# TASK TO CARRY OUT:
If an entry holds a picture, leave the picture out and output everything else exactly.

# DATA IN THIS EXERCISE:
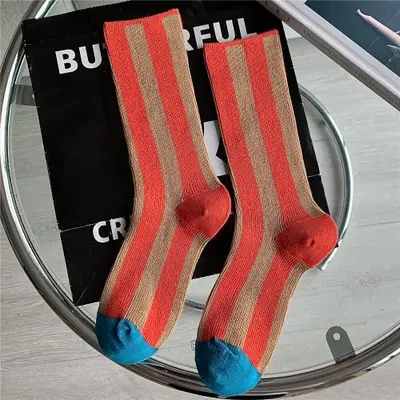 Image de Chaussettes Mi-Longues Style Skateboard - Motif Dopamine
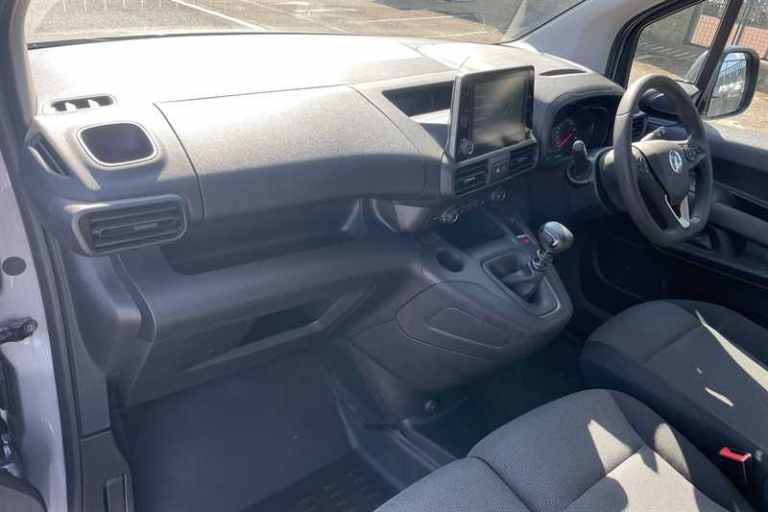 2022 Vauxhall Combo 1.5 Turbo D 2000 Sportive Panel Van 5dr Diesel Manual L1 H1 Euro 6 (100 ps) P...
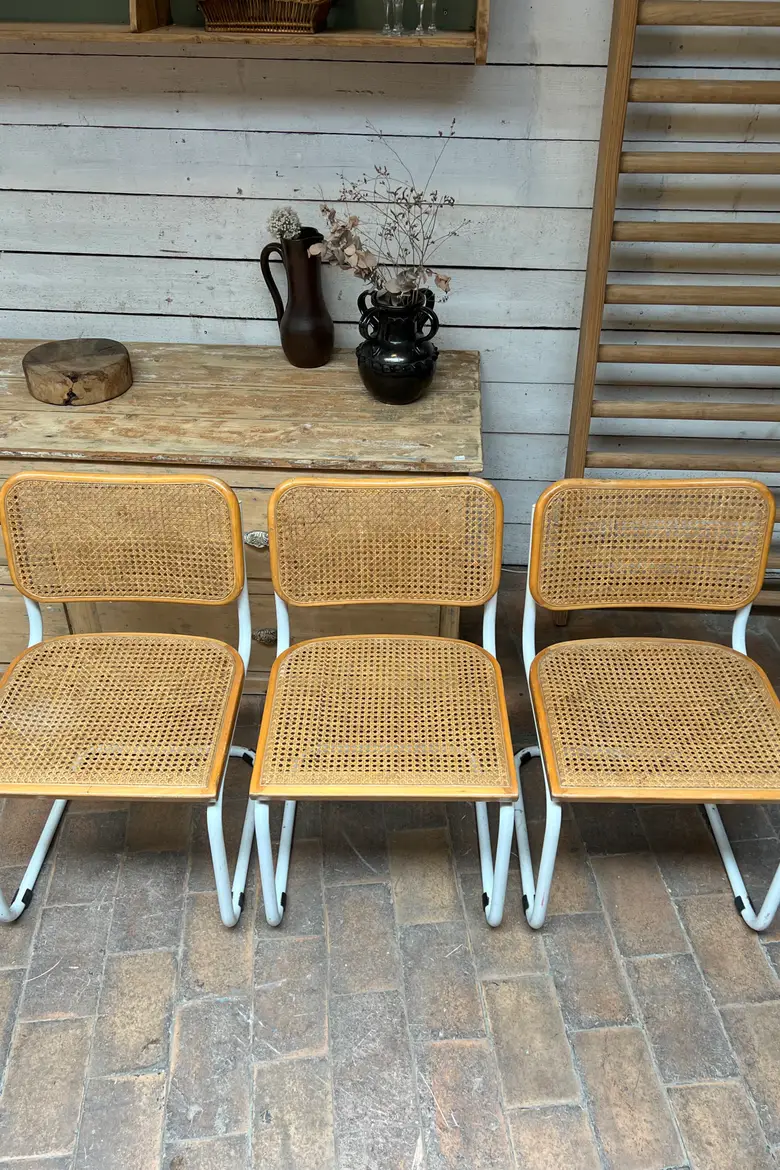 Chaises Cesca b32 en blanc et bois par Marcel Breuer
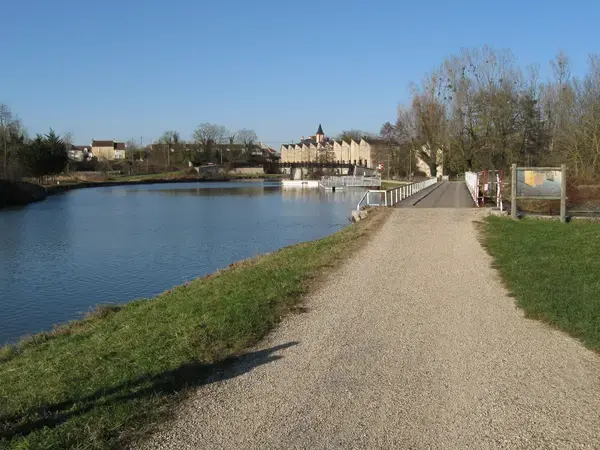 Abri Piscine Rétractable Spécialiste abri de piscine Châlette-sur-Loing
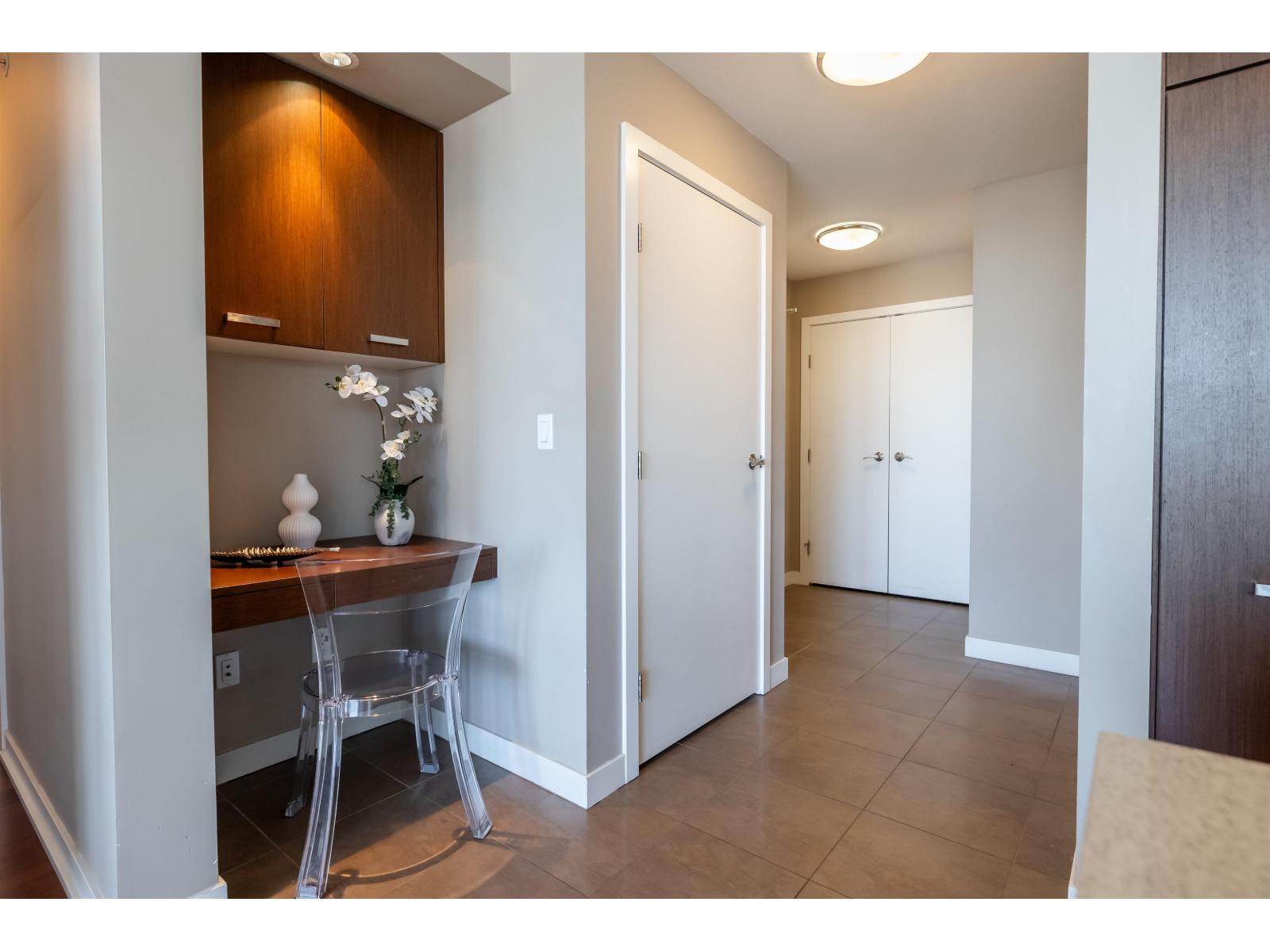 402 2950 King George Boulevard, Surrey, British Columbia  V4P 0E5 - Photo 3 - R3111439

# RESPONSE TO THE EXERCISE:
 Image de Chaussettes Mi-Longues Style Skateboard - Motif Dopamine
 2022 Vauxhall Combo 1.5 Turbo D 2000 Sportive Panel Van 5dr Diesel Manual L1 H1 Euro 6 (100 ps) P...
 Chaises Cesca b32 en blanc et bois par Marcel Breuer
 Abri Piscine Rétractable Spécialiste abri de piscine Châlette-sur-Loing
 402 2950 King George Boulevard, Surrey, British Columbia  V4P 0E5 - Photo 3 - R3111439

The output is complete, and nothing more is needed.